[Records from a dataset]
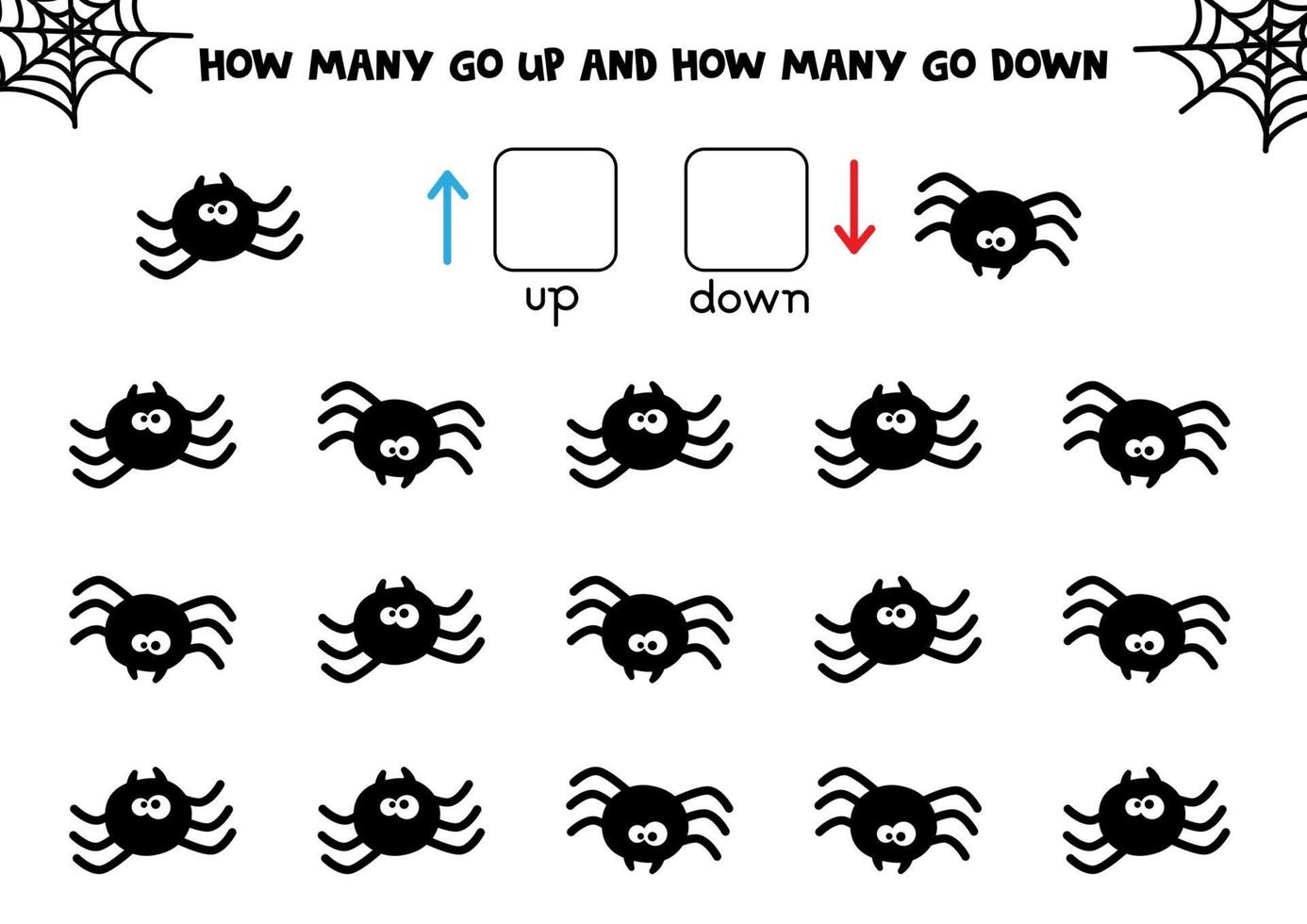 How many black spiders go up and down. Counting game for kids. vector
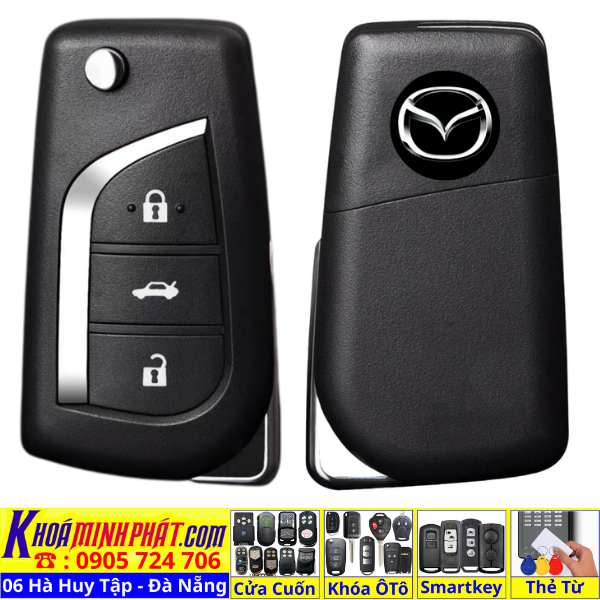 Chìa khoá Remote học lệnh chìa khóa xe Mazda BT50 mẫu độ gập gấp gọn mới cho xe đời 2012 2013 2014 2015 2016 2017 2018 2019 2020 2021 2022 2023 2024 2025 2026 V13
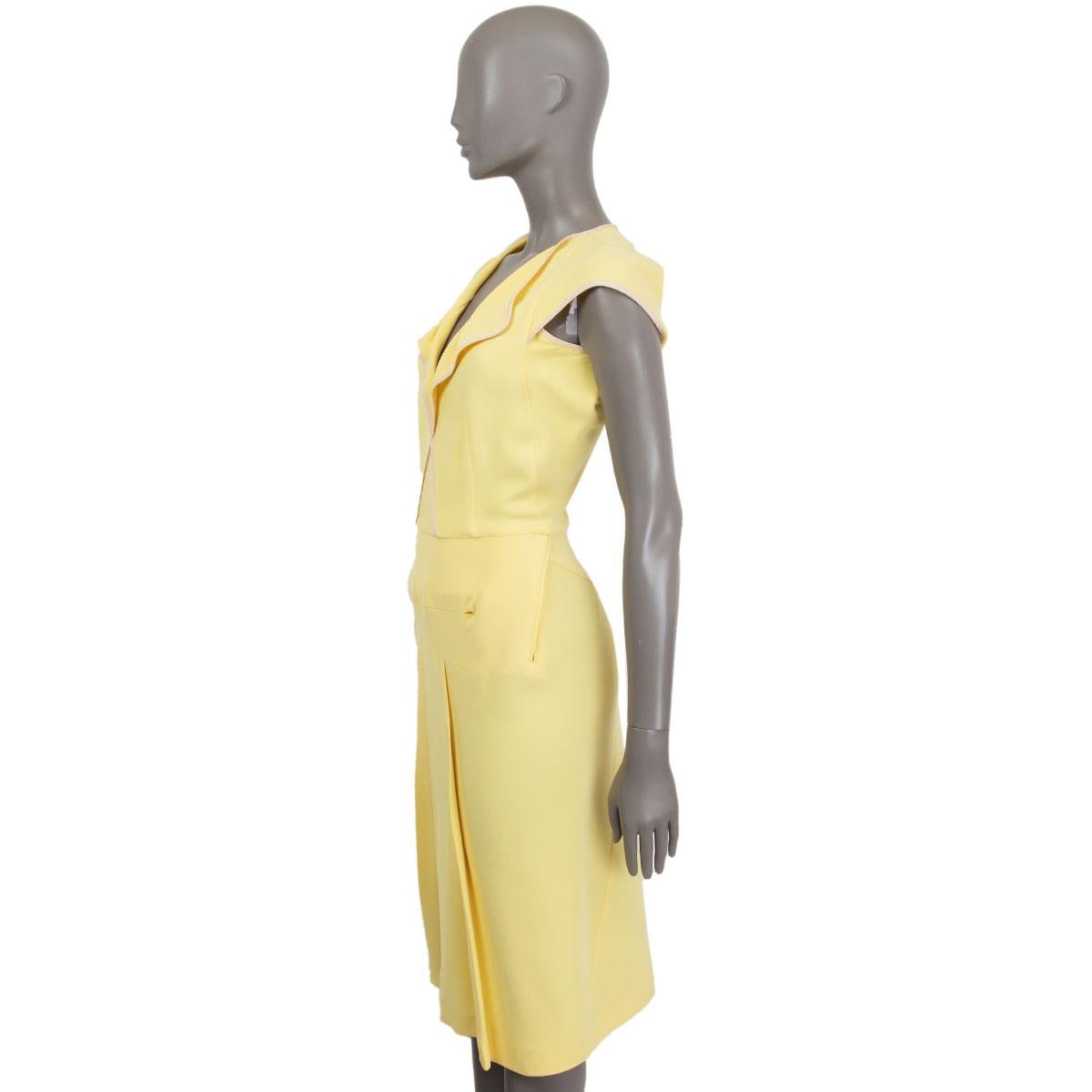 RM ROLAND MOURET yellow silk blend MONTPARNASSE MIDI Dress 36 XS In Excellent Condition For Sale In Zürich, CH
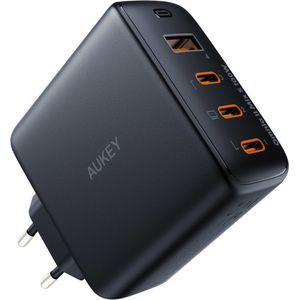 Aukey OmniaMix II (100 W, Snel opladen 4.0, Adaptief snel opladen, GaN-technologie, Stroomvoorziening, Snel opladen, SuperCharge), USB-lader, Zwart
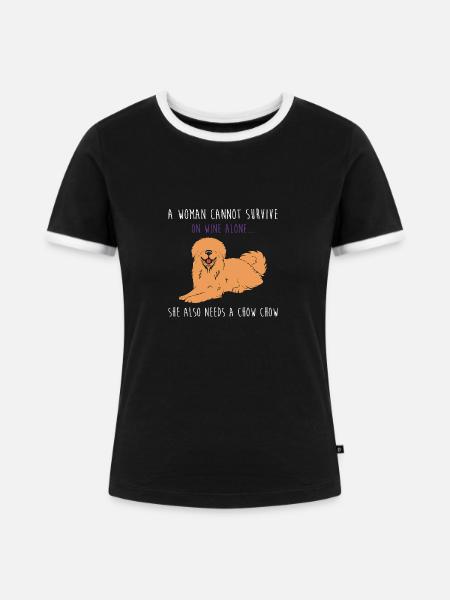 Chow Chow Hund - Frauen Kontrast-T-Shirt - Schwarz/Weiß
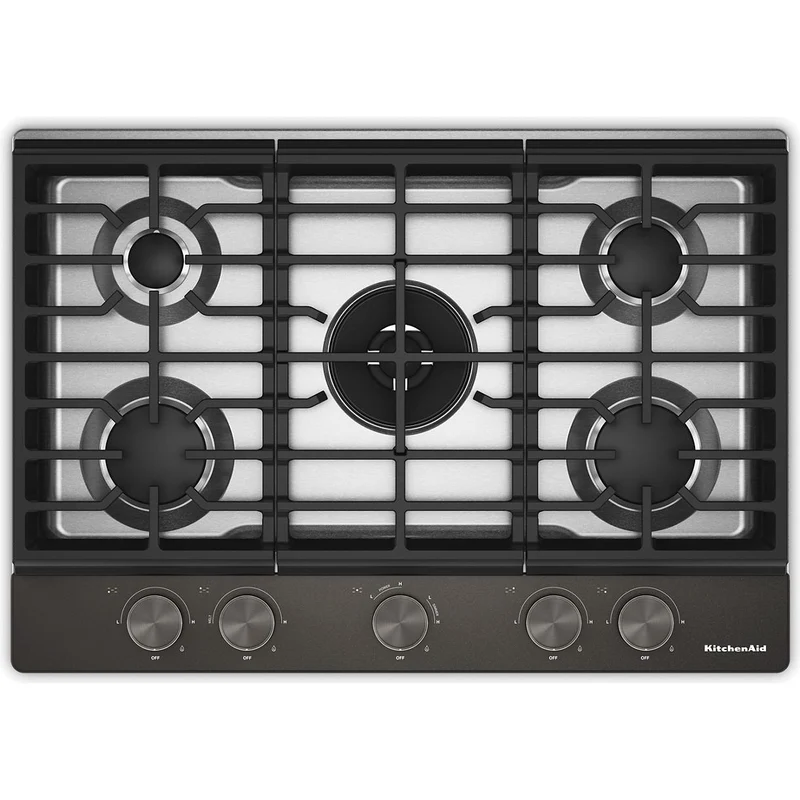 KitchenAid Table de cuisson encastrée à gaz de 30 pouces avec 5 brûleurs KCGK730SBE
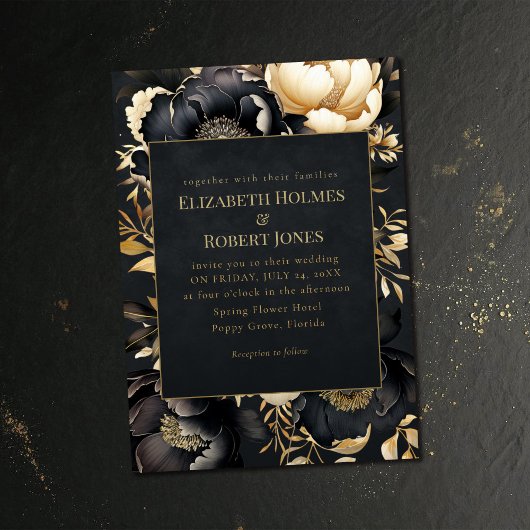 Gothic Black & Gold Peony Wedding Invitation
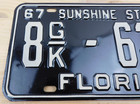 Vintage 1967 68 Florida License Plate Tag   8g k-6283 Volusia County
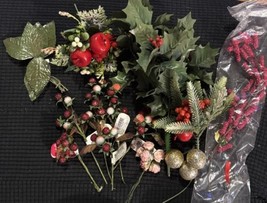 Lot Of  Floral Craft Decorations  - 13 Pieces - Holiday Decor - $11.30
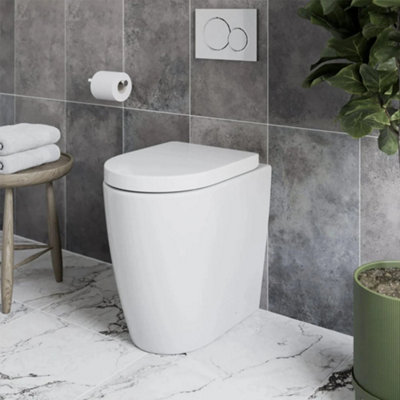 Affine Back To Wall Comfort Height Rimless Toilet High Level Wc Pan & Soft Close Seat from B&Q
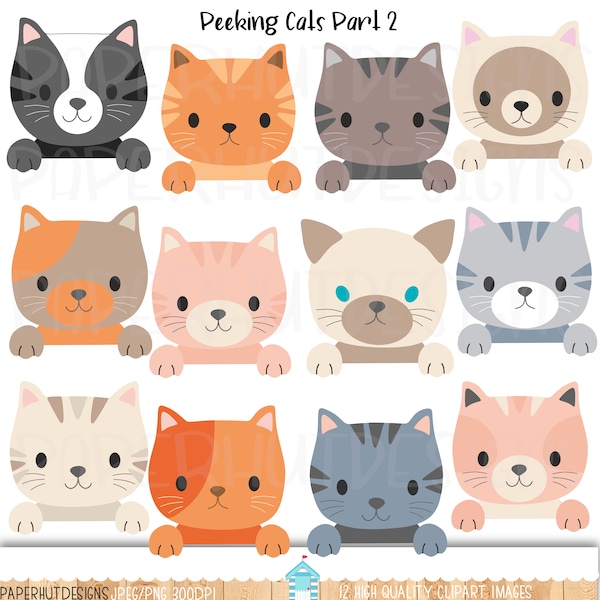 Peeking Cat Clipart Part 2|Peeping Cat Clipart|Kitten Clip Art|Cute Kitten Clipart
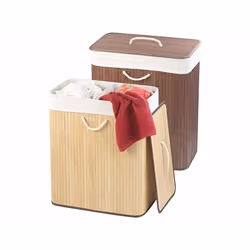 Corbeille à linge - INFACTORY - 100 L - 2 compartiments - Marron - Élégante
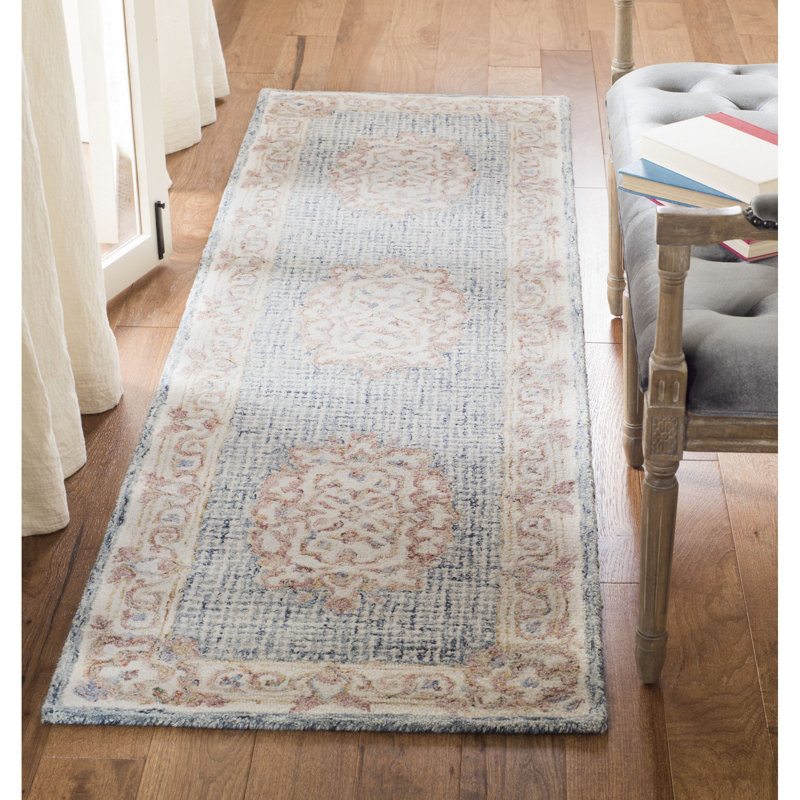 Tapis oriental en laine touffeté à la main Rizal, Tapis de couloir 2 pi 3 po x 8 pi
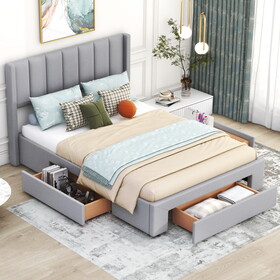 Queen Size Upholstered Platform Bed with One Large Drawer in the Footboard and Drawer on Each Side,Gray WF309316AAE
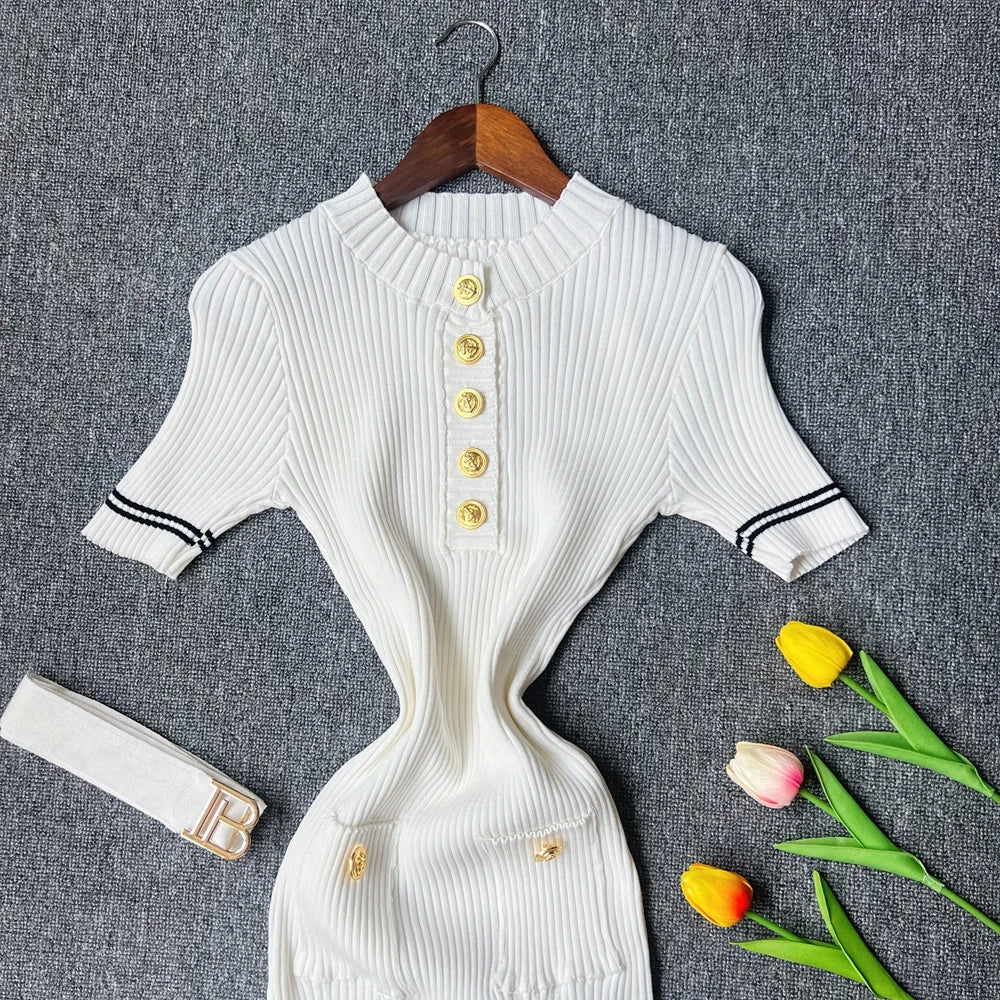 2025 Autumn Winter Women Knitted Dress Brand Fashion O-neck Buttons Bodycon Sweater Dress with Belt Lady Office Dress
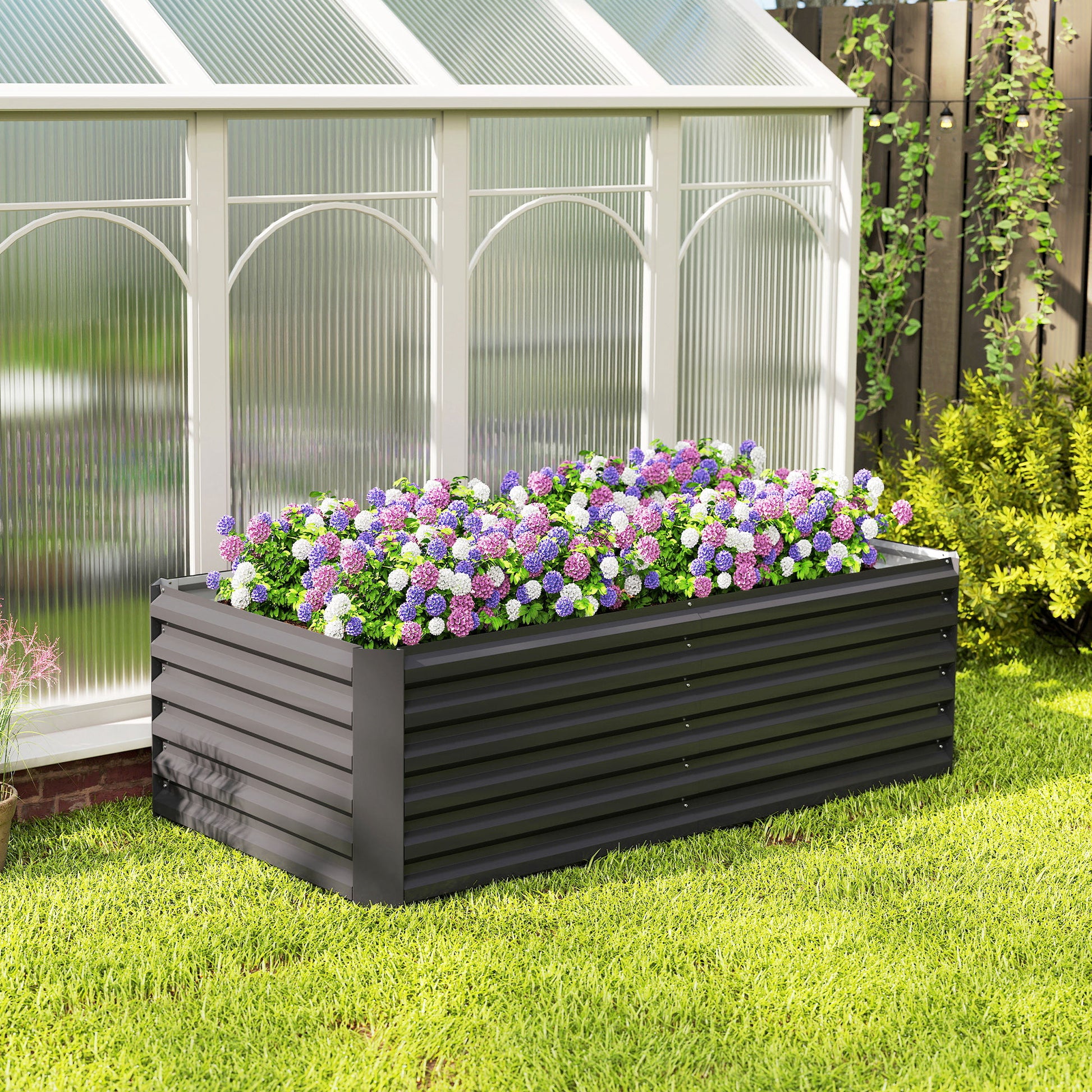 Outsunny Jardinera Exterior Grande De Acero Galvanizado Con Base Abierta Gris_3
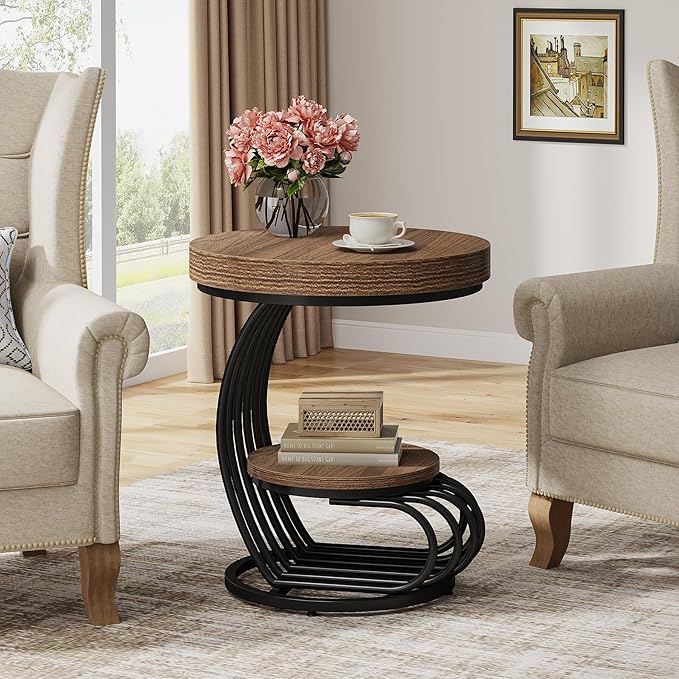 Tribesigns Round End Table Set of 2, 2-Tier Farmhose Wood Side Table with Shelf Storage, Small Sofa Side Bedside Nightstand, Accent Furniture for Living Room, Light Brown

> **What the task requires**:
Copy only this from above: the line containing "RM ROLAND MOURET", the line containing "Affine Back To", and all lines between, printed exactly. Leave out the pictures.

> **Answer section**:
 RM ROLAND MOURET yellow silk blend MONTPARNASSE MIDI Dress 36 XS In Excellent Condition For Sale In Zürich, CH
 Aukey OmniaMix II (100 W, Snel opladen 4.0, Adaptief snel opladen, GaN-technologie, Stroomvoorziening, Snel opladen, SuperCharge), USB-lader, Zwart
 Chow Chow Hund - Frauen Kontrast-T-Shirt - Schwarz/Weiß
 KitchenAid Table de cuisson encastrée à gaz de 30 pouces avec 5 brûleurs KCGK730SBE
 Gothic Black & Gold Peony Wedding Invitation
 Vintage 1967 68 Florida License Plate Tag   8g k-6283 Volusia County
 Lot Of  Floral Craft Decorations  - 13 Pieces - Holiday Decor - $11.30
 Affine Back To Wall Comfort Height Rimless Toilet High Level Wc Pan & Soft Close Seat from B&Q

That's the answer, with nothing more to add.